14. The non-transitory computer-readable storage medium of claim 13, wherein selectively swapping data from the low-latency memory comprises executing least recently used (LRU) to move data from the low-latency memory to a data store.

15. A system, comprising:

a computing device; and

a computer-readable storage device coupled to the computing device and having instructions stored thereon which, when executed by the computing device, cause the computing device to perform operations for selectively loading data to low-latency memory, the operations comprising:

receiving a workload period representing a period of time, during which a workload is applied to a database system;

providing a set of machine learning (ML) models based on historical data representative of multiple executions of the workload over historical instances of the workload period, each ML model configured to predict a cluster arrival rate curve (cARC); and

during execution of the workload period and, for each timeslice of a plurality of timeslice of the workload period: providing a predicted cARC from each ML model, the predicted cARC representative of a predicted workload for a respective timeslice, determining column visiting times for each of a plurality of columns of each of a plurality of tables stored in the database system, generating a column list based on the column visiting times, and loading column data representative of columns included in the column list into low-latency memory prior to execution of a workload during the respective timeslice.

16. The system of claim 15, wherein providing a set of ML models comprises:

receiving the historical data comprising a set of queries;

providing a set of query templates based on the set of queries;

providing a set of aggregate query templates based on the set of query templates;

determining an arrival rate curve (ARC) for each aggregate query template in the set of aggregate query templates;

providing a set of cARCs, at least one cARC being generated by clustering multiple aggregate query templates and averaging ARCs of the multiple aggregate query templates; and

training a ML model for each cARC in the set of cARCs.

17. The system of claim 15, wherein a type of each ML model is determined based on a fluctuation pattern of a respective cARC that is to be predicted.

18. The system of claim 17, wherein types of ML models comprise a linear regression model, a kernel regression model, and a deep neural network (DNN).

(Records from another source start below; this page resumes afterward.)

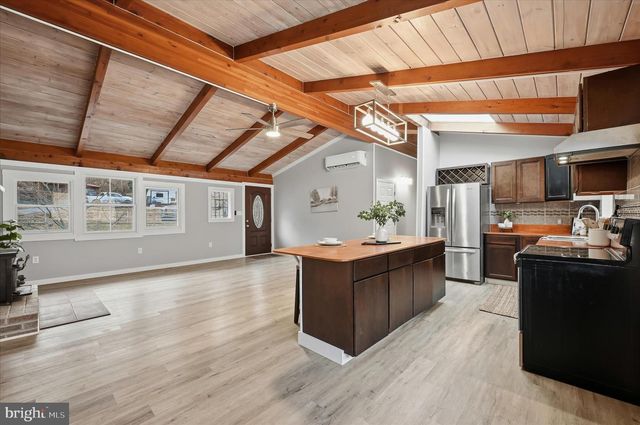 45 WHITE DOGWOOD RD, Harpers Ferry, WV 25425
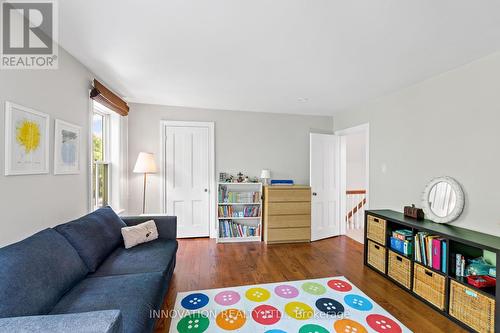 135 Stanley Avenue, Ottawa, ON - Indoor Photo Showing Living Room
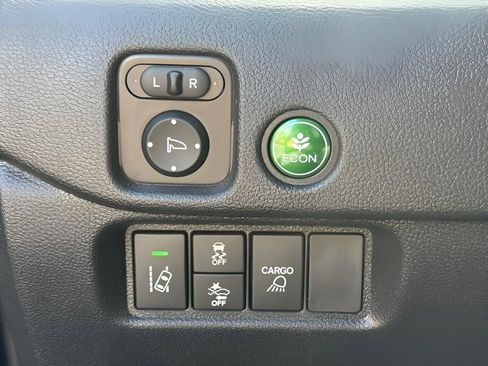 Used 2025 Honda Ridgeline Sport image 26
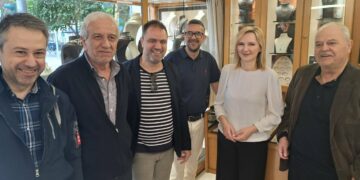 Συμβολική  κίνηση  αγάπης,  αισιοδοξίας  και  ελπίδας από  το   Επιμελητήριο και τον Εμπορικό  Σύλλογο  Κοζάνης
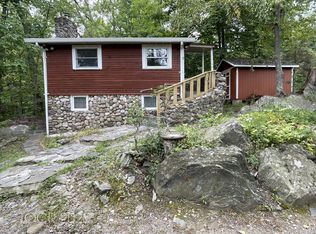 7 Blueberry Hl, Greenwood Lake, NY 10925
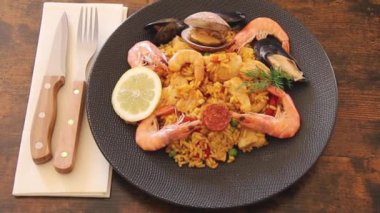 Karidesli paella manzarası, limon, tabakta istiridye.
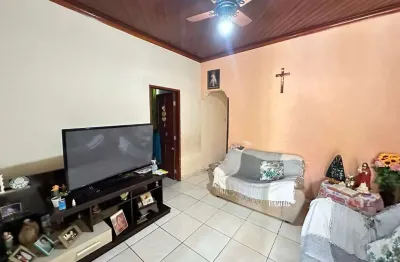 Casa com 3 quartos à venda no São Benedito, Guaratinguetá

19. The system of claim 15, wherein generating a column list based on the column visiting times comprises:

sorting the column visiting times in decreasing order with respect to a percentage each column visiting time is of a total column number; and

selecting a sub-set of column visiting times based on a threshold percentage of the total column number, columns represented by column visiting times in the sub-set of column visiting times being included in the column list.

20. The system of claim 15, wherein loading column data representative of columns included in the column list into low-latency memory comprises:

determining whether the low-latency memory has sufficient space to load all column data of columns included in the column list; and

selectively swapping data from the low-latency memory to accommodate all column data of columns included in the column list.